▸ **Task to complete**: Only the lines from the one containing "TOTTENHAM AWAY 25/26" to the end of the data are wanted; print them exactly as they appear.
::: The data :::
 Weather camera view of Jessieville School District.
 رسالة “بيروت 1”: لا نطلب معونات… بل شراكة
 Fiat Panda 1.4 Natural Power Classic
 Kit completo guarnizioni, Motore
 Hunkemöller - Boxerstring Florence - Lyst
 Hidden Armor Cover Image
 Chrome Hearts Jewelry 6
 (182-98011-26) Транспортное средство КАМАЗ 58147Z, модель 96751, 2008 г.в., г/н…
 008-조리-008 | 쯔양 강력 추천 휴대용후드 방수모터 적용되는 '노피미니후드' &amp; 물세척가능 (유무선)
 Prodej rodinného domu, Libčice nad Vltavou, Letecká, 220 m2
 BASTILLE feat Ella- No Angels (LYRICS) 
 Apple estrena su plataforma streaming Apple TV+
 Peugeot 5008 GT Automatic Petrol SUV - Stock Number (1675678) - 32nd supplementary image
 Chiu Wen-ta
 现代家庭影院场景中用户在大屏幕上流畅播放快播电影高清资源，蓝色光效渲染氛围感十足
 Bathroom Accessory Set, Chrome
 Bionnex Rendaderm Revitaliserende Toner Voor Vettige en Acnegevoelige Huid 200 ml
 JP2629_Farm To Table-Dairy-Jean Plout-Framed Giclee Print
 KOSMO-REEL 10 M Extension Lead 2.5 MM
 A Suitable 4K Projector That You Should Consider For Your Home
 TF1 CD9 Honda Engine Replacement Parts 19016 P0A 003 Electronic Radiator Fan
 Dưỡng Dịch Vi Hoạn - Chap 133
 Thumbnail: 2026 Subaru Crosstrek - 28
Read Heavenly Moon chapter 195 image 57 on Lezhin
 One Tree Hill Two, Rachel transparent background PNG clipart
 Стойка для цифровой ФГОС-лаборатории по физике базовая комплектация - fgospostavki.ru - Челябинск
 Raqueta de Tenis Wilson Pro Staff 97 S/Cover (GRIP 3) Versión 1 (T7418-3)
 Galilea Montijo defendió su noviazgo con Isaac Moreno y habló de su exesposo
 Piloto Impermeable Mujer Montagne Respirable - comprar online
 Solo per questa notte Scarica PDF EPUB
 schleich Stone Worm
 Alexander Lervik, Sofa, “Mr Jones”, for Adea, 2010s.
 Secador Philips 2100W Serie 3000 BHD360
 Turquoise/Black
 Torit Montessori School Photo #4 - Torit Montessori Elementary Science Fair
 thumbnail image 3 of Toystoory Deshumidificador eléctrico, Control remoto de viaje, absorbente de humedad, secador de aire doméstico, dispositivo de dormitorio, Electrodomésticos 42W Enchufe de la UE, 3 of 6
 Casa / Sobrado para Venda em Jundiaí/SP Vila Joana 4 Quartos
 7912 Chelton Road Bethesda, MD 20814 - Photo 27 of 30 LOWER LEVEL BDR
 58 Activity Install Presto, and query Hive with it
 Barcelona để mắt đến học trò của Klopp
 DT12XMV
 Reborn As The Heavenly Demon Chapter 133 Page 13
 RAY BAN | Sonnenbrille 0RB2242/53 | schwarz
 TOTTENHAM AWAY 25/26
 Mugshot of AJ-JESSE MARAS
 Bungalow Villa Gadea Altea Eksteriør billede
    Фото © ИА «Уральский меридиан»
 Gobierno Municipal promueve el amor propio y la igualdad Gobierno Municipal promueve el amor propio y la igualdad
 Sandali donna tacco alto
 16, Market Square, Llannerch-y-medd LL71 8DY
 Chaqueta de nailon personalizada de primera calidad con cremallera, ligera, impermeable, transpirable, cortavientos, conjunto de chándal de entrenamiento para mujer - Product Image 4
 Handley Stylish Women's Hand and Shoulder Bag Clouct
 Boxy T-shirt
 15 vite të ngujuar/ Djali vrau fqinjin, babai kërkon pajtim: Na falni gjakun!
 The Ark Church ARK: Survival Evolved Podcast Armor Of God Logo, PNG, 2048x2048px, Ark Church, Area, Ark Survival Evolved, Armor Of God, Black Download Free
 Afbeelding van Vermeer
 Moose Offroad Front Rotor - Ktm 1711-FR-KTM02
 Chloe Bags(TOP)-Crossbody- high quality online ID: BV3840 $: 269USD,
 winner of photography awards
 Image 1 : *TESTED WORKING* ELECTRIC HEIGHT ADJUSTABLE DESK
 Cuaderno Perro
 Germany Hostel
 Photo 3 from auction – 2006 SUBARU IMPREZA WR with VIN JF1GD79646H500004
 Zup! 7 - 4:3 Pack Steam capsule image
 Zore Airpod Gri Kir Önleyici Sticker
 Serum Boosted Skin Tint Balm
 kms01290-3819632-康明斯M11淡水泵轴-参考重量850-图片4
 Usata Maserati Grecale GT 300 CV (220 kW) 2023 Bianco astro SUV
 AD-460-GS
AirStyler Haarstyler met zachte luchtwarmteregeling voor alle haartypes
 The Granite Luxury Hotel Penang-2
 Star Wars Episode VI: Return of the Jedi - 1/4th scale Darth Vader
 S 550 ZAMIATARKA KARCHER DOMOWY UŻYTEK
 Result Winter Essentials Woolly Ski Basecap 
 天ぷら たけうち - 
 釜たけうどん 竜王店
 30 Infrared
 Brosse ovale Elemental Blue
:::
▸ **Exercise answer**:
 TOTTENHAM AWAY 25/26
 Mugshot of AJ-JESSE MARAS
 Bungalow Villa Gadea Altea Eksteriør billede
    Фото © ИА «Уральский меридиан»
 Gobierno Municipal promueve el amor propio y la igualdad Gobierno Municipal promueve el amor propio y la igualdad
 Sandali donna tacco alto
 16, Market Square, Llannerch-y-medd LL71 8DY
 Chaqueta de nailon personalizada de primera calidad con cremallera, ligera, impermeable, transpirable, cortavientos, conjunto de chándal de entrenamiento para mujer - Product Image 4
 Handley Stylish Women's Hand and Shoulder Bag Clouct
 Boxy T-shirt
 15 vite të ngujuar/ Djali vrau fqinjin, babai kërkon pajtim: Na falni gjakun!
 The Ark Church ARK: Survival Evolved Podcast Armor Of God Logo, PNG, 2048x2048px, Ark Church, Area, Ark Survival Evolved, Armor Of God, Black Download Free
 Afbeelding van Vermeer
 Moose Offroad Front Rotor - Ktm 1711-FR-KTM02
 Chloe Bags(TOP)-Crossbody- high quality online ID: BV3840 $: 269USD,
 winner of photography awards
 Image 1 : *TESTED WORKING* ELECTRIC HEIGHT ADJUSTABLE DESK
 Cuaderno Perro
 Germany Hostel
 Photo 3 from auction – 2006 SUBARU IMPREZA WR with VIN JF1GD79646H500004
 Zup! 7 - 4:3 Pack Steam capsule image
 Zore Airpod Gri Kir Önleyici Sticker
 Serum Boosted Skin Tint Balm
 kms01290-3819632-康明斯M11淡水泵轴-参考重量850-图片4
 Usata Maserati Grecale GT 300 CV (220 kW) 2023 Bianco astro SUV
 AD-460-GS
AirStyler Haarstyler met zachte luchtwarmteregeling voor alle haartypes
 The Granite Luxury Hotel Penang-2
 Star Wars Episode VI: Return of the Jedi - 1/4th scale Darth Vader
 S 550 ZAMIATARKA KARCHER DOMOWY UŻYTEK
 Result Winter Essentials Woolly Ski Basecap 
 天ぷら たけうち - 
 釜たけうどん 竜王店
 30 Infrared
 Brosse ovale Elemental Blue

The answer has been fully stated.